--- Record extracts Enclosed Below ---

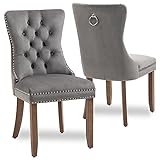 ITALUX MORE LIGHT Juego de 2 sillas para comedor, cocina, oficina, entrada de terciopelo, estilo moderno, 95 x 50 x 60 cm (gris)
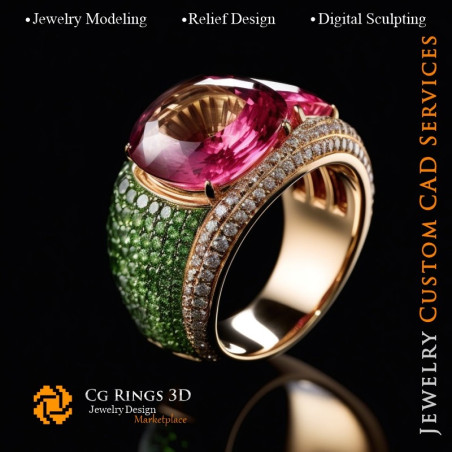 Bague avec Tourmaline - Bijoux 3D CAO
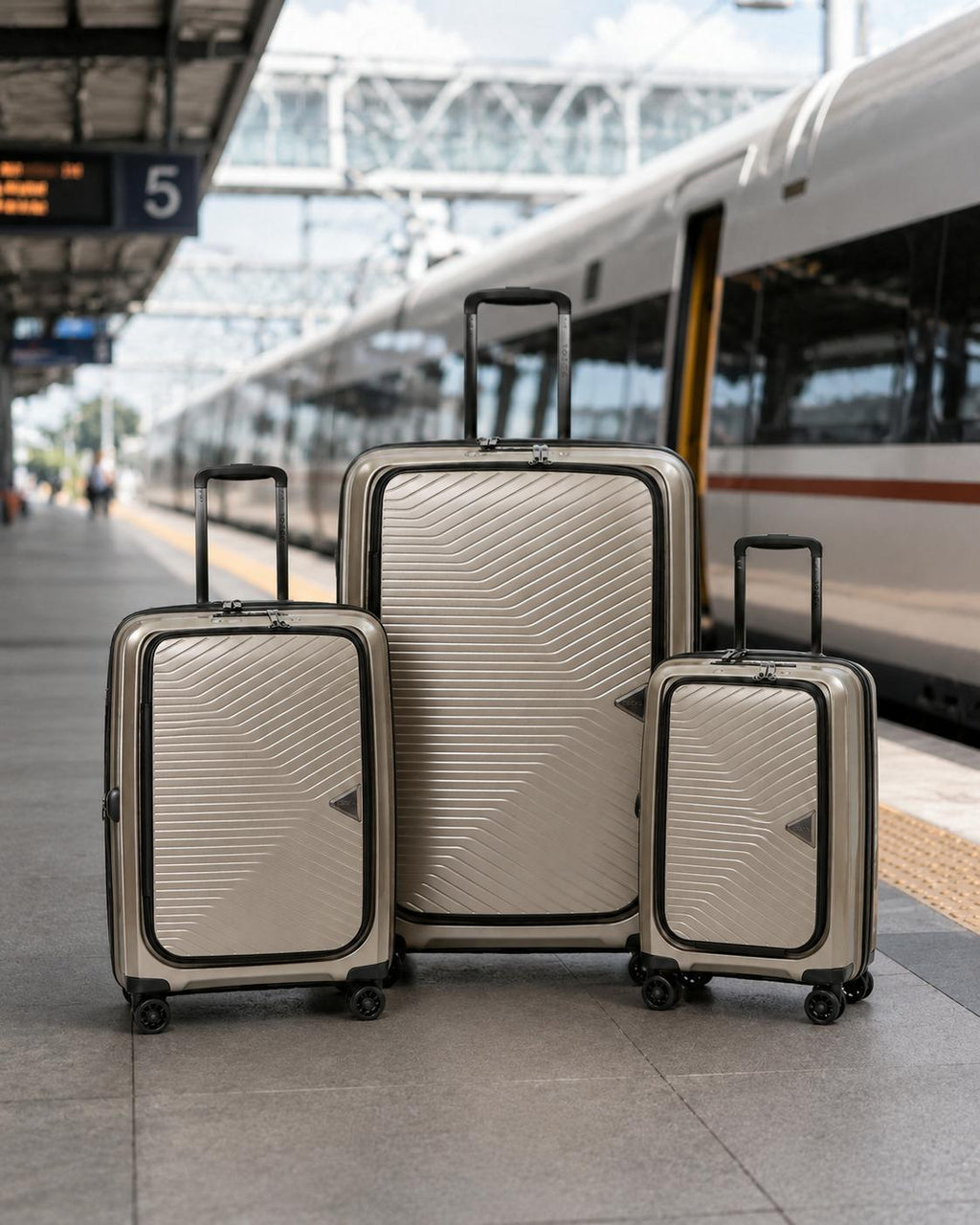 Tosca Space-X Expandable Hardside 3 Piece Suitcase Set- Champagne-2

--- End of Enclosed Record extracts ---
--- Record extracts Enclosed Below ---

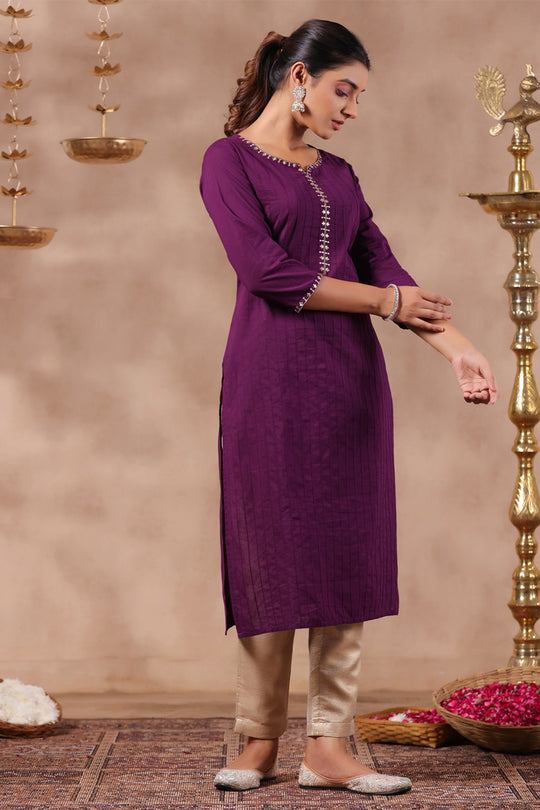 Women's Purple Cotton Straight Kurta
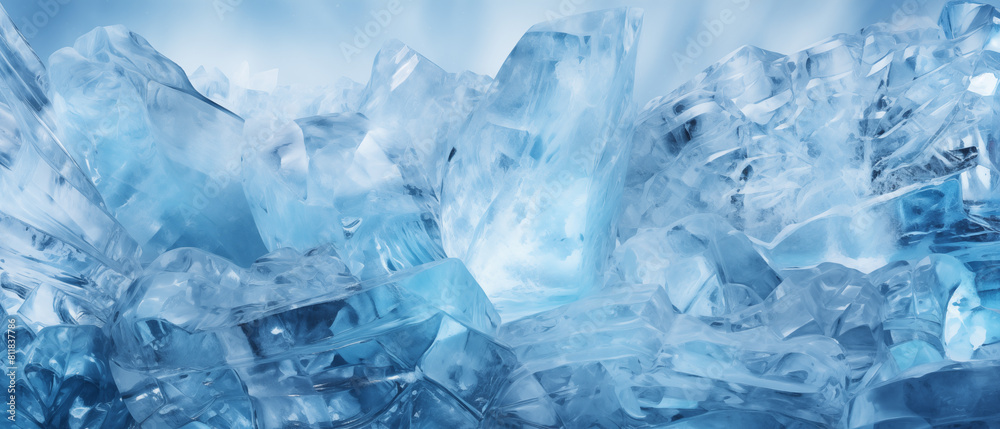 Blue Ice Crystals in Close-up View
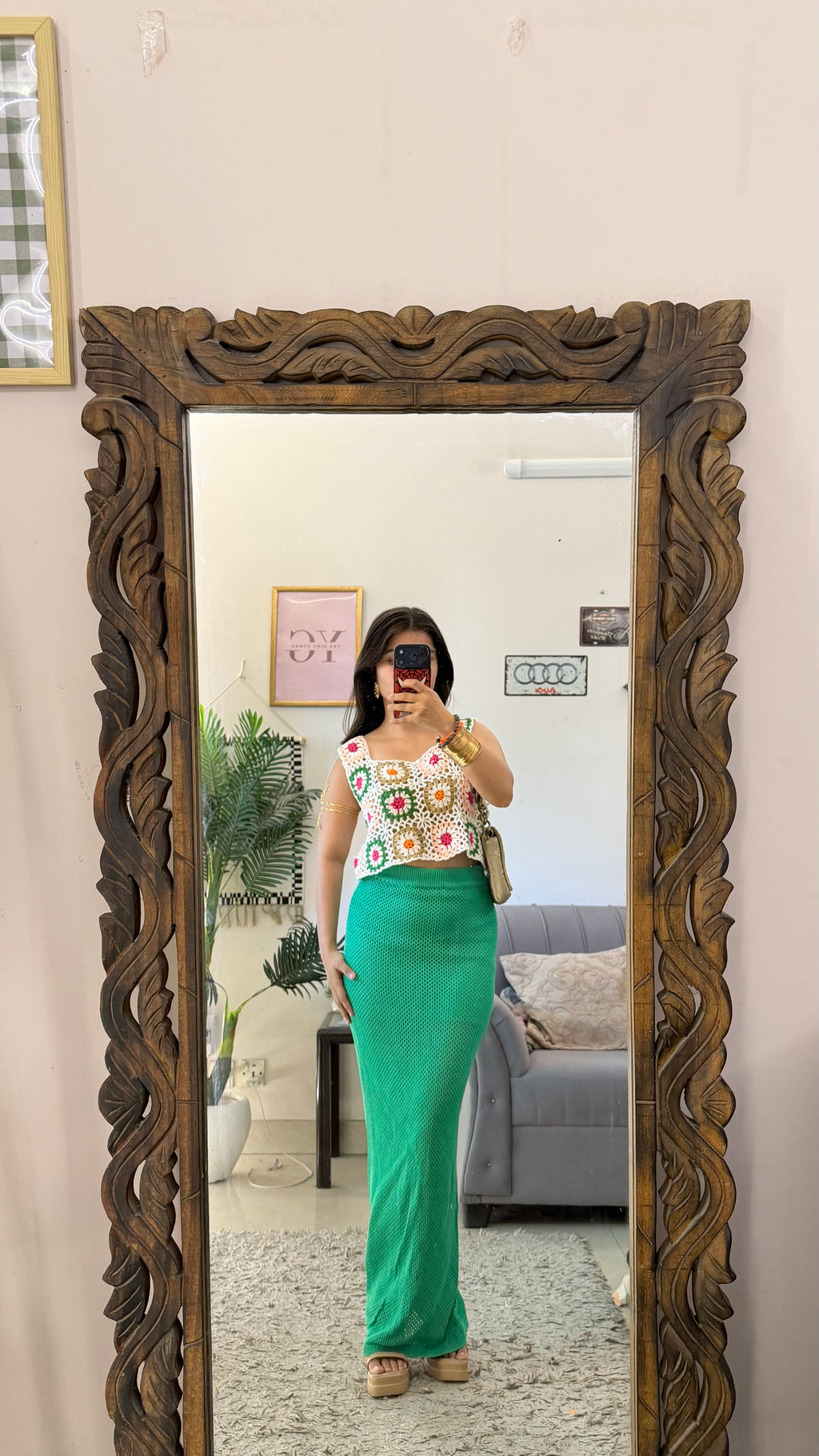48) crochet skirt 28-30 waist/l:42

--- End of Enclosed Record extracts ---

**Work to complete**. Repeat exactly the lines above, from the line that contains "ITALUX MORE LIGHT" down through the line that contains "Tosca Space-X Expandable". Include both of those lines and none of the pictures.

**Task solution**.
 ITALUX MORE LIGHT Juego de 2 sillas para comedor, cocina, oficina, entrada de terciopelo, estilo moderno, 95 x 50 x 60 cm (gris)
 Bague avec Tourmaline - Bijoux 3D CAO
 Tosca Space-X Expandable Hardside 3 Piece Suitcase Set- Champagne-2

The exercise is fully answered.